The expected output is exactly the lines below, starting at the line with "Bebida Icee Slush" and ending at the line with "الأرمن يتوجهون إلى", both included; no other line belongs in it.

*** Opening Task inputs ***

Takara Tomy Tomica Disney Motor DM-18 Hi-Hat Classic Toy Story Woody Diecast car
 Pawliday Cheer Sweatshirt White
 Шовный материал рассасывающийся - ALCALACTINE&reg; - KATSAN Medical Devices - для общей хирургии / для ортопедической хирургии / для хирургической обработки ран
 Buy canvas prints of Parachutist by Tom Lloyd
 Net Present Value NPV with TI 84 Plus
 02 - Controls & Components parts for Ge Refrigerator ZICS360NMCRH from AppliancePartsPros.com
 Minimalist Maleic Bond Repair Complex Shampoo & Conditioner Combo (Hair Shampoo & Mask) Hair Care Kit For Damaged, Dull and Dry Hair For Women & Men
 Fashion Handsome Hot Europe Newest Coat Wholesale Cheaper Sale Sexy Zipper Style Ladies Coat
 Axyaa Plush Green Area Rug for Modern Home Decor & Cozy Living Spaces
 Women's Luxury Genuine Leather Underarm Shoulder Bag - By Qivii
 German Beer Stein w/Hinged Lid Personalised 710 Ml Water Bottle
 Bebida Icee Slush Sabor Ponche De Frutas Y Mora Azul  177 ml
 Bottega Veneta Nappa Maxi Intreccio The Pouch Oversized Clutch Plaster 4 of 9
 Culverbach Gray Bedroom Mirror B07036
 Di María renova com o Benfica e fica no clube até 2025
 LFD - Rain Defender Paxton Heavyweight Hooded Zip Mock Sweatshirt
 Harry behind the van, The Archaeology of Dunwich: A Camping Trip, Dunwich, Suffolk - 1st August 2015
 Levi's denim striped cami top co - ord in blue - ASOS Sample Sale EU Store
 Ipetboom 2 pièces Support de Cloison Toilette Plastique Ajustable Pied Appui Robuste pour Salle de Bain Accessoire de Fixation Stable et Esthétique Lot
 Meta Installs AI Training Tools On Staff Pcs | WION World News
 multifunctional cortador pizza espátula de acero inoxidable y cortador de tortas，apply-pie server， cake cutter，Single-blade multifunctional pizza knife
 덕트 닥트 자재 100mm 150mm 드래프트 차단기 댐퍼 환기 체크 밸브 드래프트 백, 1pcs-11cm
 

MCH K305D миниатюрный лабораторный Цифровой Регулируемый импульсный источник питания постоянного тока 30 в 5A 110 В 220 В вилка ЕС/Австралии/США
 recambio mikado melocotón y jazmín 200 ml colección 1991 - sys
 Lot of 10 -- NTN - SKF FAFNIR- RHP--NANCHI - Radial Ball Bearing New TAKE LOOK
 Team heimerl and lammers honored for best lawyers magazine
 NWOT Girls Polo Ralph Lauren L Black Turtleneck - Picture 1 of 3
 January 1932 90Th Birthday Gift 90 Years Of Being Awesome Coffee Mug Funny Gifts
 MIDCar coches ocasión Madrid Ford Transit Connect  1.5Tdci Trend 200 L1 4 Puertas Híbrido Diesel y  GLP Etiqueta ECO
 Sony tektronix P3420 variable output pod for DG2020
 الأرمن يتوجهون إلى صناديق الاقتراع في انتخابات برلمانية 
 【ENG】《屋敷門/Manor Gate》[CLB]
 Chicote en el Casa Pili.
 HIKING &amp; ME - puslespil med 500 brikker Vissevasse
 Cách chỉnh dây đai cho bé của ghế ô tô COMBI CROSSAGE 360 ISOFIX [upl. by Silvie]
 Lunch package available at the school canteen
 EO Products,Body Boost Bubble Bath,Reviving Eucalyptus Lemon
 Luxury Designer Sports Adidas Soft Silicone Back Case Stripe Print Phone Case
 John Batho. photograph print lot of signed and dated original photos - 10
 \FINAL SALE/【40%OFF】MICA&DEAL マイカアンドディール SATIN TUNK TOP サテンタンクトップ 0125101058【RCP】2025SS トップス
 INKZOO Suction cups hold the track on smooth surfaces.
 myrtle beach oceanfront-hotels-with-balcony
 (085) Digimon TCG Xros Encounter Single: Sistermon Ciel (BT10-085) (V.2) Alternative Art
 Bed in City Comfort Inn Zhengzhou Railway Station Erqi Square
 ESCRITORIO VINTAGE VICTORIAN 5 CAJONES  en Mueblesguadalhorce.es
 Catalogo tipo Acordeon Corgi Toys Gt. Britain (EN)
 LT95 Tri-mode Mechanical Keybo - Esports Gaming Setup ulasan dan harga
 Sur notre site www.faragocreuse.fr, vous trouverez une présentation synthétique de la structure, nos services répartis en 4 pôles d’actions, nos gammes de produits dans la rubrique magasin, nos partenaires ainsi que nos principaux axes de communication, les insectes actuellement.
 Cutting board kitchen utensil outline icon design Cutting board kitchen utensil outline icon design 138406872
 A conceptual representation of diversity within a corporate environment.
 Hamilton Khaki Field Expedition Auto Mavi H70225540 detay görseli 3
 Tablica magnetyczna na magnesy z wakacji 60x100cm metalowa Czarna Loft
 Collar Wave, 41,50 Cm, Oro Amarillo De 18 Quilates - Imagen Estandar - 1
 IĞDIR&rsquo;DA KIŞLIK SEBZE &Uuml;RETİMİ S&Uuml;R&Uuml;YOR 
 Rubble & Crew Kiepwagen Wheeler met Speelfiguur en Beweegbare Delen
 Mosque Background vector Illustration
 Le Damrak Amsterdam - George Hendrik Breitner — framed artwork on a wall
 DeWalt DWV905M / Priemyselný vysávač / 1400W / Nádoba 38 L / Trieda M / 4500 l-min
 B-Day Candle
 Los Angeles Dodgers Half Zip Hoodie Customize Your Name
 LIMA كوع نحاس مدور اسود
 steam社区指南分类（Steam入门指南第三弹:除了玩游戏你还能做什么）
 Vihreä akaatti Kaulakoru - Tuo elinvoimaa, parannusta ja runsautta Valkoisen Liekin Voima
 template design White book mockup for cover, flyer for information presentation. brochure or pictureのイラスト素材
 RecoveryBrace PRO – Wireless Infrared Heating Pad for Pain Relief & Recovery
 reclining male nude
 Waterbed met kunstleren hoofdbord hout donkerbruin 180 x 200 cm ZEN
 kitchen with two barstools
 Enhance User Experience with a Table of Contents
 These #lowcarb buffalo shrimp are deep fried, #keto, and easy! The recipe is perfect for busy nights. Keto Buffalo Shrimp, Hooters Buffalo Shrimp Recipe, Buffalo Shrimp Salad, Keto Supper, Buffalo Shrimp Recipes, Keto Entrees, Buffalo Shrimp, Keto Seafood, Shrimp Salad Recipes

*** Closing Task inputs ***

_Solution for this problem_.
 Bebida Icee Slush Sabor Ponche De Frutas Y Mora Azul  177 ml
 Bottega Veneta Nappa Maxi Intreccio The Pouch Oversized Clutch Plaster 4 of 9
 Culverbach Gray Bedroom Mirror B07036
 Di María renova com o Benfica e fica no clube até 2025
 LFD - Rain Defender Paxton Heavyweight Hooded Zip Mock Sweatshirt
 Harry behind the van, The Archaeology of Dunwich: A Camping Trip, Dunwich, Suffolk - 1st August 2015
 Levi's denim striped cami top co - ord in blue - ASOS Sample Sale EU Store
 Ipetboom 2 pièces Support de Cloison Toilette Plastique Ajustable Pied Appui Robuste pour Salle de Bain Accessoire de Fixation Stable et Esthétique Lot
 Meta Installs AI Training Tools On Staff Pcs | WION World News
 multifunctional cortador pizza espátula de acero inoxidable y cortador de tortas，apply-pie server， cake cutter，Single-blade multifunctional pizza knife
 덕트 닥트 자재 100mm 150mm 드래프트 차단기 댐퍼 환기 체크 밸브 드래프트 백, 1pcs-11cm
 

MCH K305D миниатюрный лабораторный Цифровой Регулируемый импульсный источник питания постоянного тока 30 в 5A 110 В 220 В вилка ЕС/Австралии/США
 recambio mikado melocotón y jazmín 200 ml colección 1991 - sys
 Lot of 10 -- NTN - SKF FAFNIR- RHP--NANCHI - Radial Ball Bearing New TAKE LOOK
 Team heimerl and lammers honored for best lawyers magazine
 NWOT Girls Polo Ralph Lauren L Black Turtleneck - Picture 1 of 3
 January 1932 90Th Birthday Gift 90 Years Of Being Awesome Coffee Mug Funny Gifts
 MIDCar coches ocasión Madrid Ford Transit Connect  1.5Tdci Trend 200 L1 4 Puertas Híbrido Diesel y  GLP Etiqueta ECO
 Sony tektronix P3420 variable output pod for DG2020
 الأرمن يتوجهون إلى صناديق الاقتراع في انتخابات برلمانية 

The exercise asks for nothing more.